Hamza has graced the dancefloor each week and judges have noted his impressive hip movement.
“Each week is a new dance,” he remarked. “And it feels like you’re back at square one again.
“You’re learning a different hold or a different feeling and for some of it, you kind of have to act the dances.
“So confidence, for me… I’m certainly out of my comfort zone.
“If you put me in front of a lion charging me with a camera I’m like, ‘Cool.’
“I know what that’s going to do and I am confident with that, whereas here I’m in clothes that I would never normally wear, I’m doing stuff that I wouldn’t normally do.
“And I don’t hear the music, believe it or not, I actually feel the music.”
Addressing a condition which has actually aided him to perfect the skill, he added: “So for me, confidence is a tough thing, but I feel that my dyslexia helps me out with my dancing.”
While discussing how Jowita pushes Hamza to consistently improve, the dancer admitted: “I think sometimes while doing the routines I’d think maybe it’s too much… maybe I crossed a line.
“Then I’m like, ‘No,’ and on Monday morning I show him the steps and he always knows what’s going to happen and I’m like, ‘You’ll be fine,’ and of course he is fine!”
Turning to Hamza, the Polish ballroom dancer added: “I think you’re capable of doing anything.
“And I think that the more that I’ve seen him, the more I’m like he’s going to go for it.”
She later confessed: “I don’t play it safe.”

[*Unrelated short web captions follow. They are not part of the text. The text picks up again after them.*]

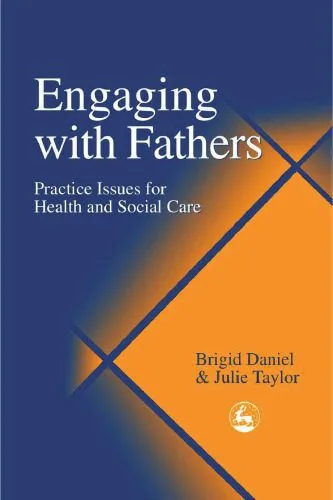 خرید و دانلود نسخه کامل کتاب Engaging With Fathers: Practice Issues for Health and Social Care_68e41f3625acc.jpeg خرید و دانلود نسخه کامل کتاب Engaging With Fathers: Practice Issues for Health and Social Care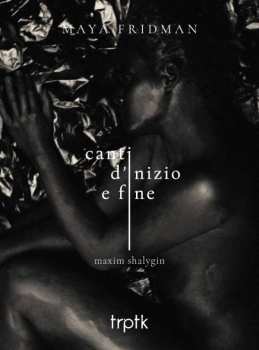 Album Maxim Shalygin: Canti D'inizio E Fine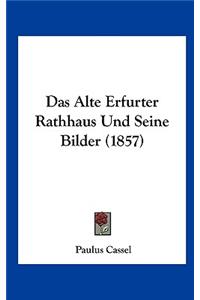 Das Alte Erfurter Rathhaus Und Seine Bilder (1857)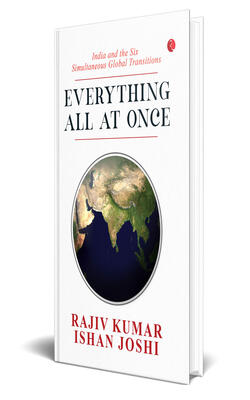 Everything All At Once: India and the Six Simultaneous Global Transitions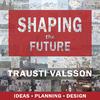 Valsson, Shaping the Future, Fjölvi Publishers, Reykjavik | Cover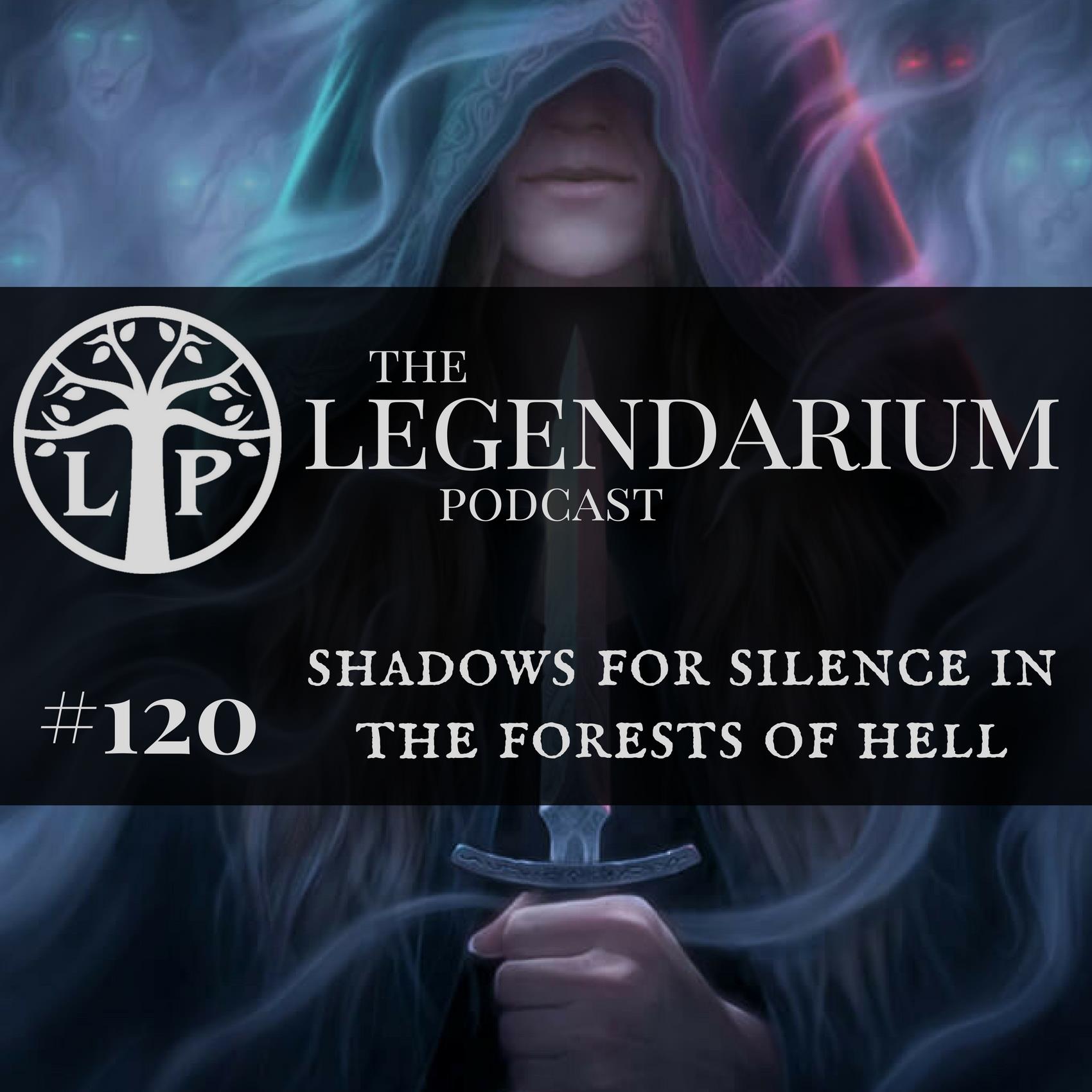 #120. Shadows for Silence in the Forests of Hell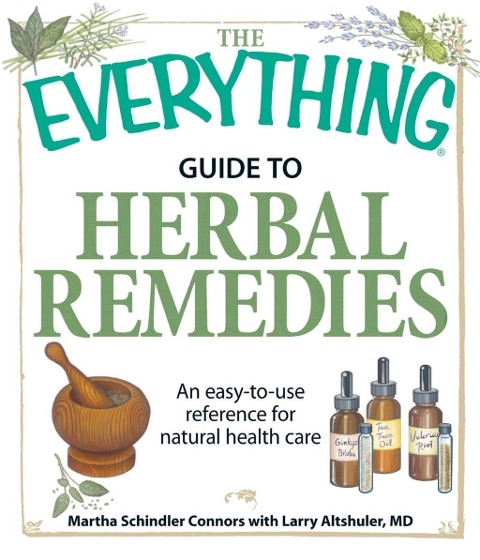 The Everything Guide to Herbal Remedies - Martha Schindler Connors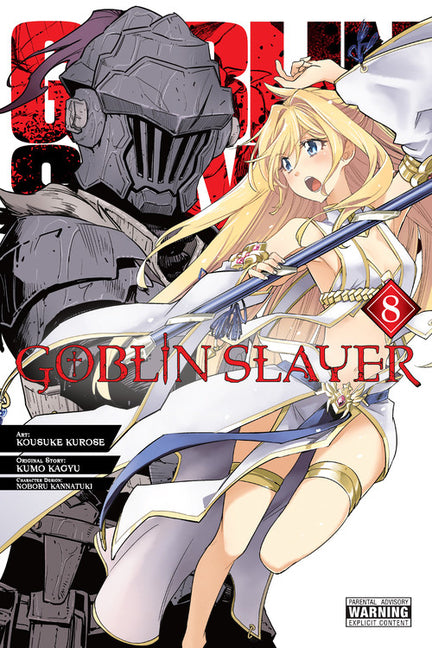 Goblin Slayer, Vol. 8 (Manga): Volume 8 by Kagyu, Kumo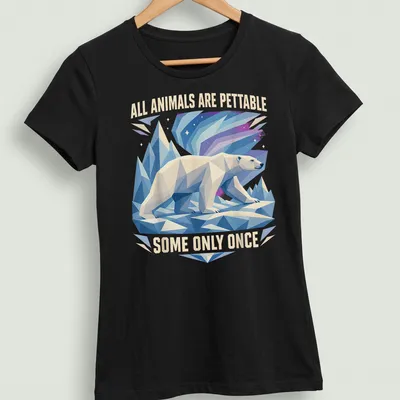 Low-poly polar bear with humorous text about petting animals — printed on a women's shirt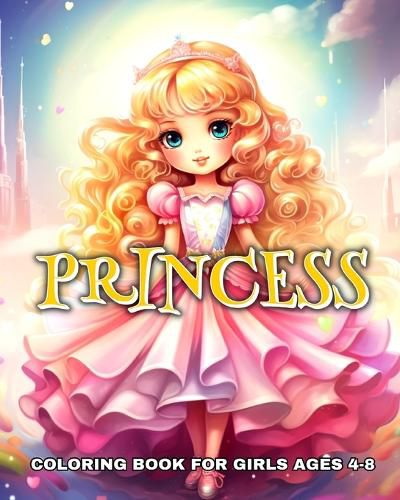 Cover image for Princess Coloring Book for Girls Ages 4-8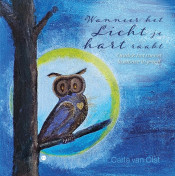 Carla  van Olst, Wanneer het Licht je hart raakt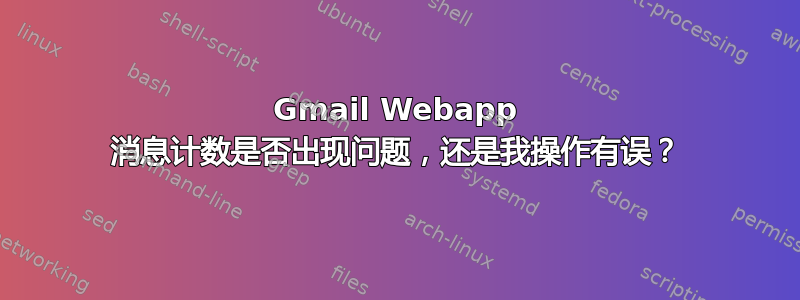 Gmail Webapp 消息计数是否出现问题，还是我操作有误？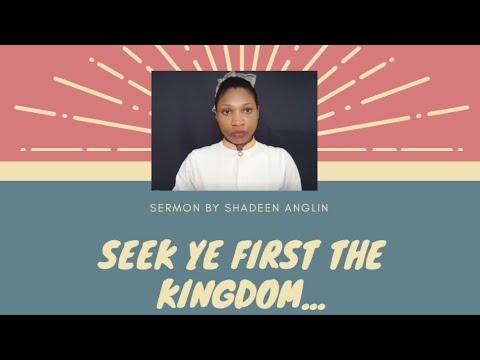 SEEK YE FIRST THE KINGDOM - Matthew 6:24-34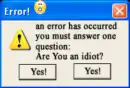 yew an idoit???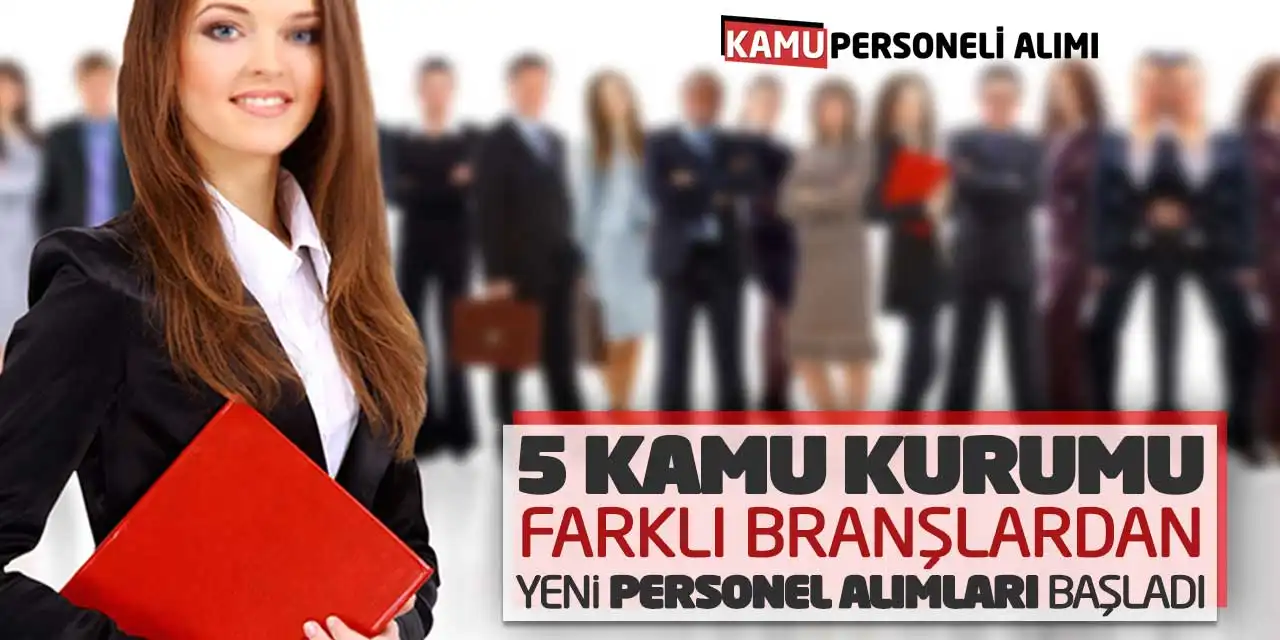 5 Kamu Kurumu Farklı Branşlardan Yeni Personel Alımları Başladı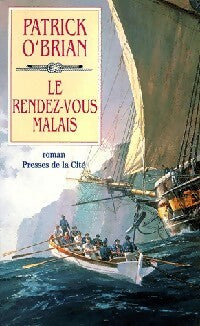 Livrenpoche : Le rendez-vous malais - Patrick O'Brian - Livre
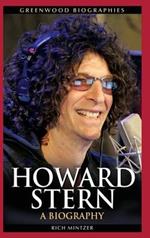 Howard Stern: A Biography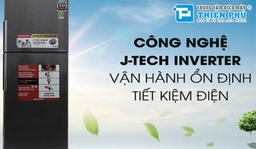 Công nghệ J-Tech Inverter trên tủ lạnh Sharp SJ-X316E-SL mà người dùng nên biết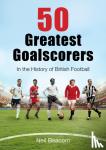 Beacom, Neil - 50 Greatest Goalscorers - In the History of British Football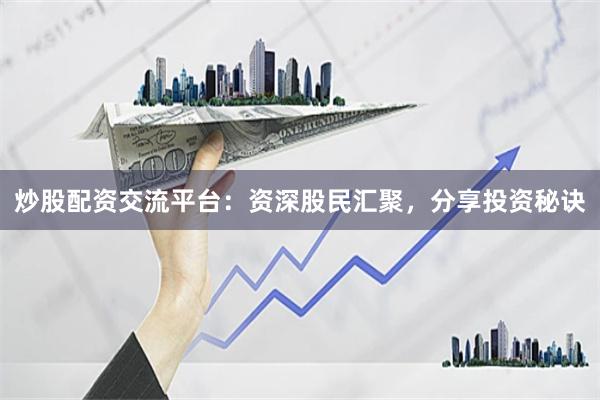 炒股配资交流平台：资深股民汇聚，分享投资秘诀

Paying tribute to his partner, Hamza described what it would mean to win.
Sounding emotional, he declared: “For me, it’s sharing the stage with this amazing woman.
“Knowing what she has been through and what I have been through in my lifetime…
“It would be a dream come true, an absolute dream come true.
“It would be the icing on the cake. It would be Christmas, Easter…
“I can’t give her anything in life that she can’t get herself, the only thing I can do is my best on the dancefloor.”
Strictly Come Dancing continues for the final on Saturday at 7.05pm on BBC One.